Staż w parlamencie Europejskim nie był tylko możliwością uczestniczenia w pracach Parlamentu, ale również dał mi szanse na poznanie wspaniałego miasta, jakim jest Bruksela. Na pierwszy rzut oka niezbyt przyjemna po czasie daje się wręcz pokochać. Wiele urokliwych kamieniczek, zabytków oraz pięknych parków dodaje ogrom uroku temu miastu. Wielokulturowość to jego kolejna cecha. Miałam możliwość poznania ludzi nie tylko z Europy, ale i z całego świata. Ludzi pełnych tolerancji do drugiego człowieka, otwartych oraz przesympatycznych i wiecznie uśmiechniętych.

 

Natomiast, jeśli chodzi o samą pracę w Parlamencie przeszła ona moje najśmielsze oczekiwania.  Okazało się, że nie tylko miałam okazje zapoznać się z jego życiem codziennym i pracami poszczególnych komisji. Było to również miejsce wielu wydarzeń kulturalnych. Nie spodziewałam się, że praca stażysty w Parlamencie może być aż tak różnorodna.
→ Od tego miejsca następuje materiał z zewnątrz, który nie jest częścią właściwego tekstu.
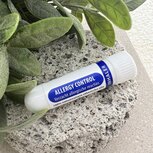 Allergy control inhaler de groene linde Allergy control inhaler de groene linde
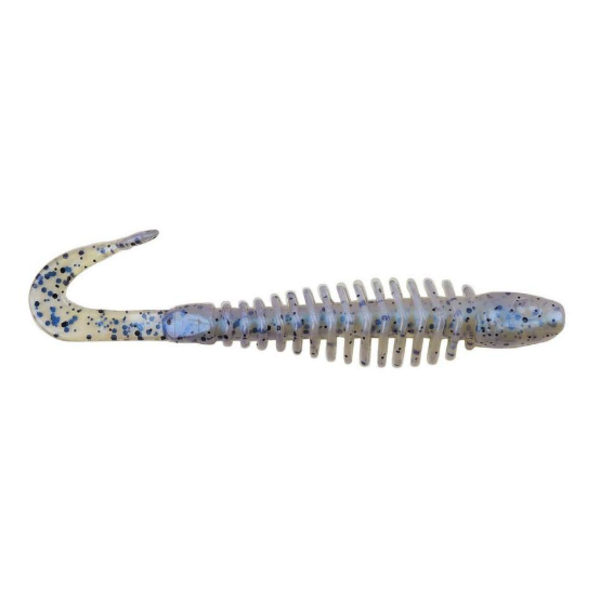 Berkley PowerBait Curly Bones 4" 10-pk
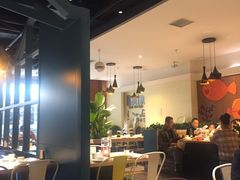 -小鱼小牛·鱼牛干锅·脆鱼火锅(世欧广场店)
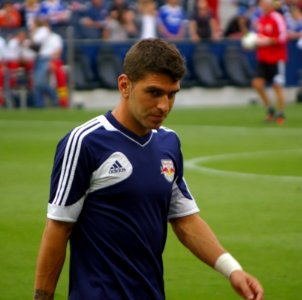 Testspiel RB Salzburg gegen Schalke04 6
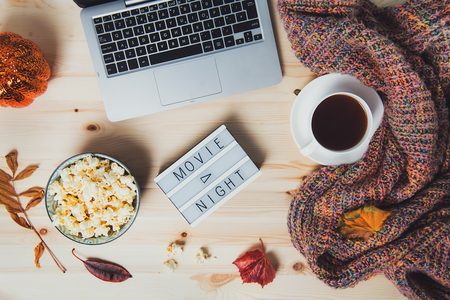 Illustratie voor: Deze films op Netflix hebben de hoogste IMDb-score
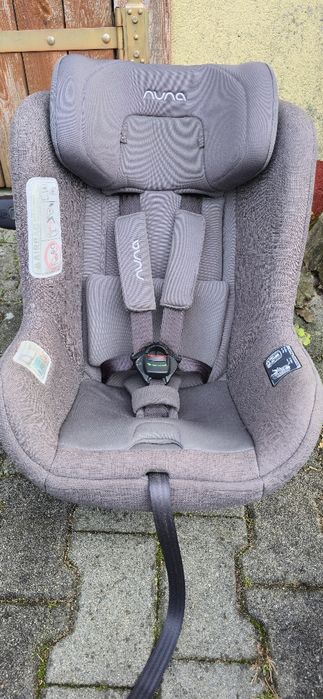 Nuna todl next fotelik +baza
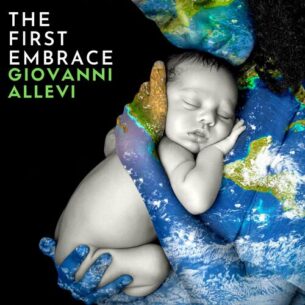 Giovanni Allevi THE FIRST EMBRACE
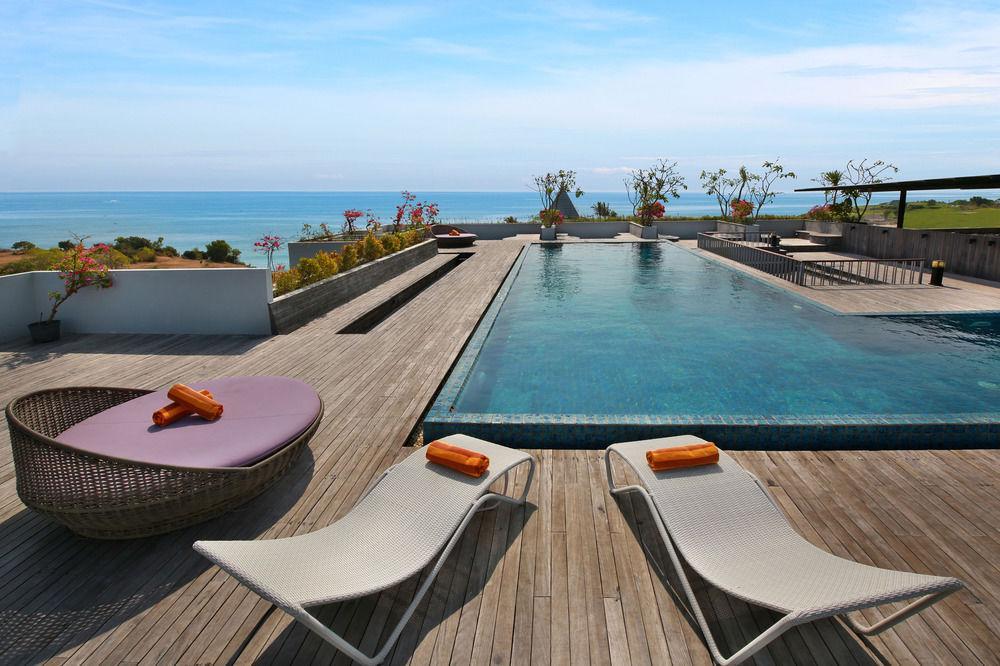 Klapa Resort Pecatu  Екстер'єр фото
Dodatkowo miałam okazję poznać wiele osób, a przez to wiele kultur, zwyczajów oraz podszlifować język. Tempo pracy w par­la­men­cie jest nie­zwy­kle szyb­kie. Sta­nowi duże wyzwa­nie, ale jed­no­cze­śnie przy­nosi nie­sa­mo­witą satys­fak­cję, zwłasz­cza takiej oso­bie jak ja, która jest dopiero na początku ścieżki zawo­do­wej.

 

Na koniec chciałabym podziękować serdecznie oraz wyrazić jak niezwykle miło było mi być częścią biura pani poseł Elżbiety Łukacijewskiej. Nigdy nie zapomnę szansy, jaką dostałam. Ogromne podziękowania również dla asystentki pani poseł Agnieszki Schwarz za okazaną pomoc, cierpliwość, świetną atmosferę oraz niezwykle cenne uwagi.

 

Pobyt w Brukseli umoc­nił mnie w prze­ko­na­niu, że warto ryzy­ko­wać i wybrać się w nie­znaną rze­czy­wi­stość nawet, jeśli począt­kowo budzi ona mnóstwo obaw. To ogromnie ważne doświadczenie na pewno zaprocentuje w mojej dalszej karierze zawodowej a Bruksela już zawsze będzie zajmowała ogrom miejsca w moim sercu.